* **What you need to do**
Lines of the data that contain the word "Ford" are the ones to copy.

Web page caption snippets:
━━━━━━━━━━━━━━━━

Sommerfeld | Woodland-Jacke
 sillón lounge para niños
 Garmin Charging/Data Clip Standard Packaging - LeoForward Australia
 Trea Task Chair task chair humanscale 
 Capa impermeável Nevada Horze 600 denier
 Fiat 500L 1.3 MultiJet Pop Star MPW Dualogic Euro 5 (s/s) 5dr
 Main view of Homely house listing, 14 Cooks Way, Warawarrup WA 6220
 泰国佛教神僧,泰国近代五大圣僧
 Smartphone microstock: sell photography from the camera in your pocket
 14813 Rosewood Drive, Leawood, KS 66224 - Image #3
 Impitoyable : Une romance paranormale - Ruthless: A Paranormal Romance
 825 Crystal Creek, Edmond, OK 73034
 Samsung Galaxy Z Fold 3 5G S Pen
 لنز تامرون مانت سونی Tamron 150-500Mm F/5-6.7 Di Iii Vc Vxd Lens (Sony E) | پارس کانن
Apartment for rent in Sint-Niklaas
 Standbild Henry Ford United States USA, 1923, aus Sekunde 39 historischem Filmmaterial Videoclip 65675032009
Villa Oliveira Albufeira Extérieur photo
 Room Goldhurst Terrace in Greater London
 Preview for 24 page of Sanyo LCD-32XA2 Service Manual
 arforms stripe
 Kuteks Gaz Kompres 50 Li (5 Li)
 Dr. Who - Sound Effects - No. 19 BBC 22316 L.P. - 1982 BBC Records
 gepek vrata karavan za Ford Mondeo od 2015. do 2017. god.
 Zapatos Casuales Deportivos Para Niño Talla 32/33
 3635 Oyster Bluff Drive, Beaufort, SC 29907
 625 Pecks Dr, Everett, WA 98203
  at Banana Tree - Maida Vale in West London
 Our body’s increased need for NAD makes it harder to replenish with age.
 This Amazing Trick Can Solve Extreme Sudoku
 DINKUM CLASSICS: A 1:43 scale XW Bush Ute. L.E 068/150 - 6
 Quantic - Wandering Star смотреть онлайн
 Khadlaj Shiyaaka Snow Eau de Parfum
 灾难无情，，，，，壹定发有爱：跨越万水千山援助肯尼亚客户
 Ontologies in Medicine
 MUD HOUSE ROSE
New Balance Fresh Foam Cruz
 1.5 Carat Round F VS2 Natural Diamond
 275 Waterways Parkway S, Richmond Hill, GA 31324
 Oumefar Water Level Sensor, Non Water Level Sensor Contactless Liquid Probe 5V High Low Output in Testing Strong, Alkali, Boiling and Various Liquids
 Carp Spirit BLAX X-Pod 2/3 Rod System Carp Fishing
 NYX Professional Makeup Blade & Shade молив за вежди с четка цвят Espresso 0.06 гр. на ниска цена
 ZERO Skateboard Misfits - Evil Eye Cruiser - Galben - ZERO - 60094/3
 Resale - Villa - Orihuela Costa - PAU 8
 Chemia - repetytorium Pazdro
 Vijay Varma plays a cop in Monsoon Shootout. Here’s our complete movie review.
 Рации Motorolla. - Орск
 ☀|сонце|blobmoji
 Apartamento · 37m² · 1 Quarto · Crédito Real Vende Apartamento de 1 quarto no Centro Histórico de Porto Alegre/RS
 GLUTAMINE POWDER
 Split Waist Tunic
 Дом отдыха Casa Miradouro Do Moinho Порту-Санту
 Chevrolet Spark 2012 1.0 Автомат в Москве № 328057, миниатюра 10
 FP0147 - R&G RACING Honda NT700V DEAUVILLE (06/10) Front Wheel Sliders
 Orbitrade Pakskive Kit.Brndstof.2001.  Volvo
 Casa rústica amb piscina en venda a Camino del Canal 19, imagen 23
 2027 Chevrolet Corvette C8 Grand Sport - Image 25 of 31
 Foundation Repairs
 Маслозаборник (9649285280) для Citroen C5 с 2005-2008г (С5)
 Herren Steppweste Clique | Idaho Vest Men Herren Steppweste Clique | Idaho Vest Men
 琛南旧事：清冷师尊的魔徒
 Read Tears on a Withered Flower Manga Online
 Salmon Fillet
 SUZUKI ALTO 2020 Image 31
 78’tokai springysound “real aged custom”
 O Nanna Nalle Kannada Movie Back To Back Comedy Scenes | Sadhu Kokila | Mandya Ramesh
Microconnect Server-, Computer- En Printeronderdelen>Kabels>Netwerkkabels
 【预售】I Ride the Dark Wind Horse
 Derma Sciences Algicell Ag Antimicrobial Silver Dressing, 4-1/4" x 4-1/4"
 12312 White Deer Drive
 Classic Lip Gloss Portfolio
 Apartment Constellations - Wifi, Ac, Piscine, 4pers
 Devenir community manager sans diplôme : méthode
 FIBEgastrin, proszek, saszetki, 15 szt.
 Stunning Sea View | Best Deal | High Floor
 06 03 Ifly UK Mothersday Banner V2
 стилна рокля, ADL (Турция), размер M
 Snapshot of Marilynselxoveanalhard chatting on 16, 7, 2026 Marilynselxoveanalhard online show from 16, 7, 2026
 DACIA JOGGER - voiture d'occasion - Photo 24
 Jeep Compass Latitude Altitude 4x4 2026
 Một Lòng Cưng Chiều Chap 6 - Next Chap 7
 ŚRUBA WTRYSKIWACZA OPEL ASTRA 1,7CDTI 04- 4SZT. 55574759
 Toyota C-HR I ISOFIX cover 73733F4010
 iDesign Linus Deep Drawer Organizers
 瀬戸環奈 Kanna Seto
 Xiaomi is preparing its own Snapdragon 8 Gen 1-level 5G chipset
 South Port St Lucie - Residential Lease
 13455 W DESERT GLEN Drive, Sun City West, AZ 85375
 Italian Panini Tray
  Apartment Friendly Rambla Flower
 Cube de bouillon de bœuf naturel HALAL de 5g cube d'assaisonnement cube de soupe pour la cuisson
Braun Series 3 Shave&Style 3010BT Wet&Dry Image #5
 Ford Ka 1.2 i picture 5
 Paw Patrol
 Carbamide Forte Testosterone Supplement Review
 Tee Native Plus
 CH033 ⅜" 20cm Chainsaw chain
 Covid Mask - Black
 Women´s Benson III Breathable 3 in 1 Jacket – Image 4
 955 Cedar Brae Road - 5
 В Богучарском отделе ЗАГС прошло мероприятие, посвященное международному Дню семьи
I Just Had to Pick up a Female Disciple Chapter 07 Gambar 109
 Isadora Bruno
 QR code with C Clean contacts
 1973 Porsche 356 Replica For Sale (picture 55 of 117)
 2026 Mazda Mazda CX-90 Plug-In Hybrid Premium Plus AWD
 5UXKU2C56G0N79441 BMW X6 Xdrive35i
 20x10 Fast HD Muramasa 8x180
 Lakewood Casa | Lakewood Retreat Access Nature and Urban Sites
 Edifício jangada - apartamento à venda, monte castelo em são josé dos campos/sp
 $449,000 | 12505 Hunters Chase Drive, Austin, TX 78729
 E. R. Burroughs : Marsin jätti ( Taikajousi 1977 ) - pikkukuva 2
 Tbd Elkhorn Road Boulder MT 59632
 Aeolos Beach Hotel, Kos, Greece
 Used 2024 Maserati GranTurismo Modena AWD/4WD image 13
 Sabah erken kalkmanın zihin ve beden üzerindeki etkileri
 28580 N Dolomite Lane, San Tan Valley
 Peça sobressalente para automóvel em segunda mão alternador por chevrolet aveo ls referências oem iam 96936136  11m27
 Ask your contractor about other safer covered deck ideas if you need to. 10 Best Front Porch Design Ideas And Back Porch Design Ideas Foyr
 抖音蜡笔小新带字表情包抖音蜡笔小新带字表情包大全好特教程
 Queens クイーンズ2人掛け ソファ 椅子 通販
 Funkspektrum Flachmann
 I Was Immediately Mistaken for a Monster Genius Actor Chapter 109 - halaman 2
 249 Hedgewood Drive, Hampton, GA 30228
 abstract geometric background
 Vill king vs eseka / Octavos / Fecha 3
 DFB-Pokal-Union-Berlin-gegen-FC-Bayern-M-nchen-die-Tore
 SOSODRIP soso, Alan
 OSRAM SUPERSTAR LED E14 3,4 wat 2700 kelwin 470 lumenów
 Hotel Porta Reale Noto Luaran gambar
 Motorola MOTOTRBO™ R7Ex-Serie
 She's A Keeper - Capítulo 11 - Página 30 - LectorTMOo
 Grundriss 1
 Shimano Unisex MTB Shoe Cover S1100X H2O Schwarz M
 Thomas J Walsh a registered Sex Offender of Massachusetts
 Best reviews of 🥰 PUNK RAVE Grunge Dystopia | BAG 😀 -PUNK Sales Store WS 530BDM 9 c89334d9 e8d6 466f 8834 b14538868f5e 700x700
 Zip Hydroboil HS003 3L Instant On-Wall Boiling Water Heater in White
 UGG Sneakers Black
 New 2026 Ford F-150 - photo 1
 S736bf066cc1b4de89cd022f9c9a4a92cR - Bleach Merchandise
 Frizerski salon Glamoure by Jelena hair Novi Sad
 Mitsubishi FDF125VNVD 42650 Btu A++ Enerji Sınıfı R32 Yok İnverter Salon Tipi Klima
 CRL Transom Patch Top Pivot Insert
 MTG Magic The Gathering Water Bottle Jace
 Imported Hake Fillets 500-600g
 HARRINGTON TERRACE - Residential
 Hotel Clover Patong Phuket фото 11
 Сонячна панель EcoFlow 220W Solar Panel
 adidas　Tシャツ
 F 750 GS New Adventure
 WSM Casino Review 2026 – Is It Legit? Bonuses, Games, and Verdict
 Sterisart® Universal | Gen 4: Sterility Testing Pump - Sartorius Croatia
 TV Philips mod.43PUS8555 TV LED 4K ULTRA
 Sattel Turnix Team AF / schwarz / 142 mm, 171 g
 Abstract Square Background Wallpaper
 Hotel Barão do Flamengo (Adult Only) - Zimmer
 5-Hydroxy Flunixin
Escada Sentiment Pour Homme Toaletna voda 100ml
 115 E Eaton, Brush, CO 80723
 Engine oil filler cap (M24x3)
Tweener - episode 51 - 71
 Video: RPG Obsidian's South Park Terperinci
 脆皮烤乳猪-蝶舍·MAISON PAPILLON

━━━━━━━━━━━━━━━━

* **Task response**
 Standbild Henry Ford United States USA, 1923, aus Sekunde 39 historischem Filmmaterial Videoclip 65675032009
 gepek vrata karavan za Ford Mondeo od 2015. do 2017. god.
 Ford Ka 1.2 i picture 5
 New 2026 Ford F-150 - photo 1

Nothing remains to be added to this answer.